## Work instruction
Make an exact copy of all the entries below, with the pictures left out.

*** Opening Records for processing ***

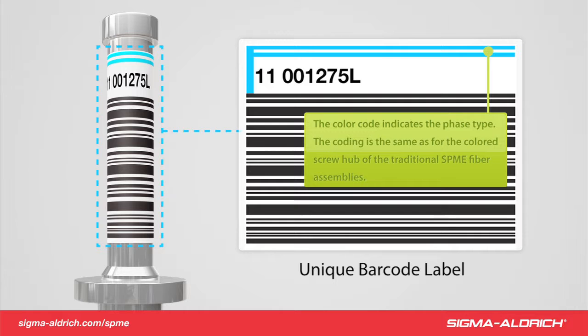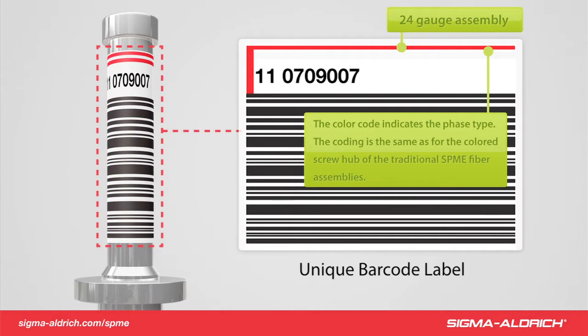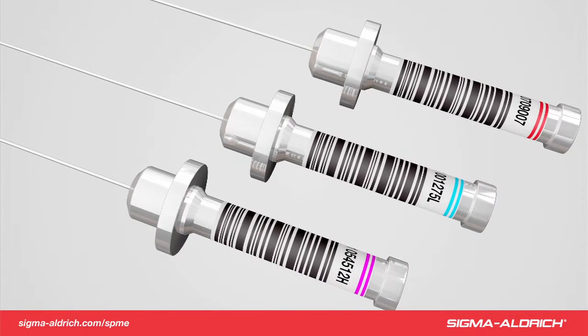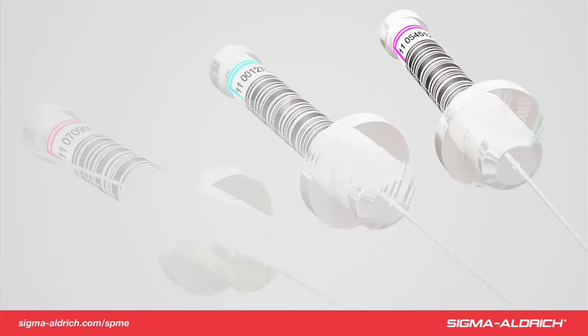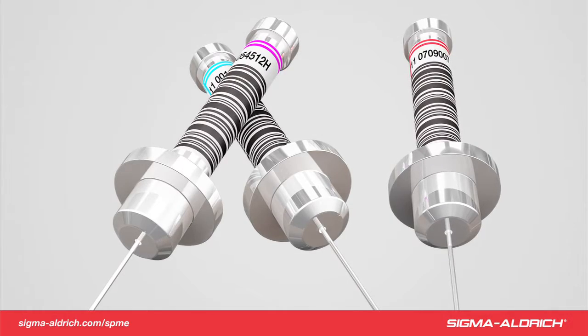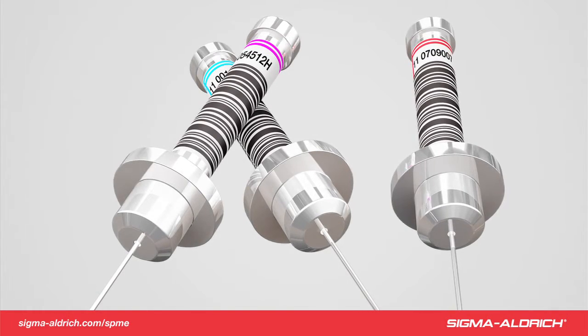The color-coded stripe also identifies the phase and gauge size. The color-coded top is the same as the common SPME assemblies. For example, the red fiber is a 100-micron PDMS fiber assembly. One stripe on the label identifies a 24-gauge assembly, while two stripes identify a 23-gauge version. The SPME Fast Fit Assemblies are available in all common SPME fiber phase coatings, so current applications can be directly transferred to existing methodologies. The color coating is associated with the different fiber phase chemistries.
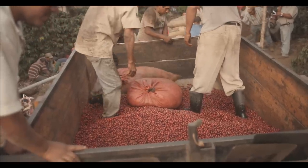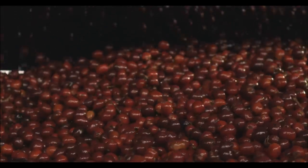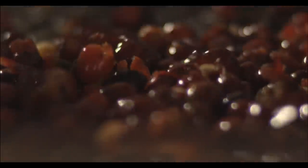Perfectly ripe cherries are pulped and washed in volcanic spring water to ensure the right balance of acidity in the flavour.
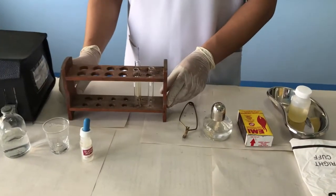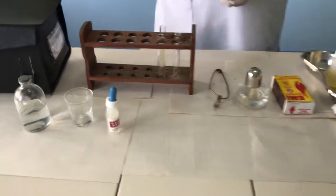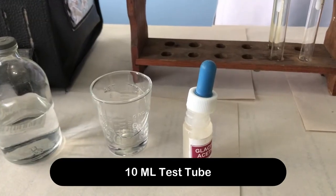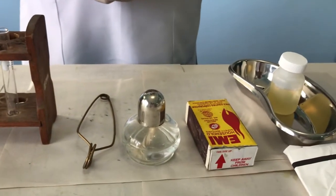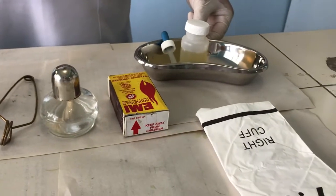Test for Albumin: Heat and Acetic Test. Materials needed: Acetic Acid Solution, 10 ml test tube, test tube holder, alcohol lamp and match, dropper, urine specimen, and lab gloves.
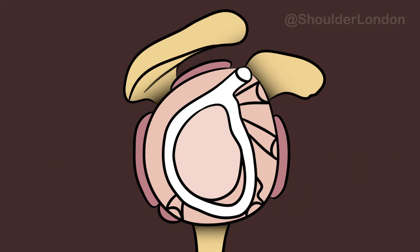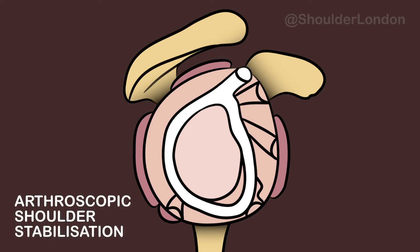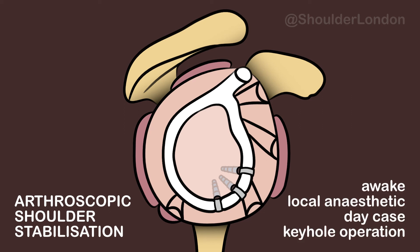One option for treatment of these injuries is an arthroscopic shoulder stabilisation. During this procedure, tapes are passed around the damaged labrum and the labrum is brought back to the glenoid and anchored to the glenoid with plastic anchors buried in the bone. This operation is often done with the patient awake under regional anaesthesia as a day-case keyhole operation.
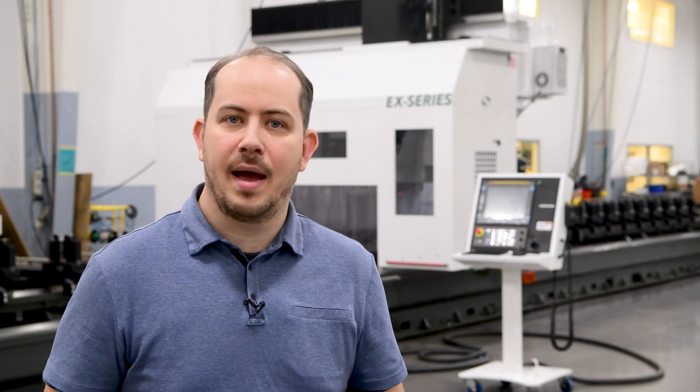If you're facing challenges with machining solid, hollow, or semi-hollow linear profile extrusions or pultrusions, contact one of our sales representatives and see if the EX series is right for you.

*** Closing Records for processing ***

## Answer section
The color-coded stripe also identifies the phase and gauge size. The color-coded top is the same as the common SPME assemblies. For example, the red fiber is a 100-micron PDMS fiber assembly. One stripe on the label identifies a 24-gauge assembly, while two stripes identify a 23-gauge version. The SPME Fast Fit Assemblies are available in all common SPME fiber phase coatings, so current applications can be directly transferred to existing methodologies. The color coating is associated with the different fiber phase chemistries.
Perfectly ripe cherries are pulped and washed in volcanic spring water to ensure the right balance of acidity in the flavour.
Test for Albumin: Heat and Acetic Test. Materials needed: Acetic Acid Solution, 10 ml test tube, test tube holder, alcohol lamp and match, dropper, urine specimen, and lab gloves.
One option for treatment of these injuries is an arthroscopic shoulder stabilisation. During this procedure, tapes are passed around the damaged labrum and the labrum is brought back to the glenoid and anchored to the glenoid with plastic anchors buried in the bone. This operation is often done with the patient awake under regional anaesthesia as a day-case keyhole operation.
If you're facing challenges with machining solid, hollow, or semi-hollow linear profile extrusions or pultrusions, contact one of our sales representatives and see if the EX series is right for you.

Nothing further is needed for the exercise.